Mia Wasikowska channels a youthful Mia Farrow as the retro-dressing Annabel, blessed with an ethereal countenance that makes her already other-worldly while still solidly in the flesh. Henry Hopper is a brooding, sensitive, sentimental character in his own right and inhabits Enoch without so much as breaking a sweat. Ryo Kase has an arresting screen presence that makes it easy to keep your eyes on him.
Director Gus Van Sant (Milk, Good Will Hunting) creates a love letter to death in the person of Annabel, who comforts Enoch’s unrest and anger with a graceful acceptance of her fate. She and Hiroshi teach Enoch not to burn daylight without traveling very often to familiar territory. Van Sant let’s us discover small, tender pockets of sweet surprise within the inevitable, advancing darkness.

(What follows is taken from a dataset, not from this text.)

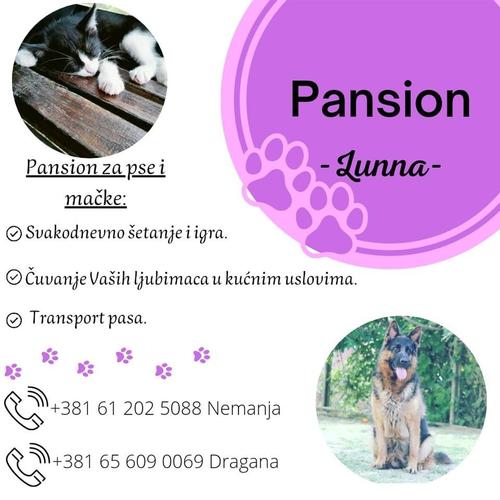 Pansion za pse i mačke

Death is a personal talisman; as such it plucks a chord with people, summoning either sanguine acceptance or uncomfortable denial. It’s an opponent that will always win, and as such, it evokes strong, knee-jerk feelings from viewers which could work against it. Those who give it a chance will discover Gus Van Sant’s sparkling, eccentric love story to be a jewel of a film, each facet cut for color, clarity, insight, and appreciation for the ability to BE restless.
It means that you are, at least for the moment, truly alive.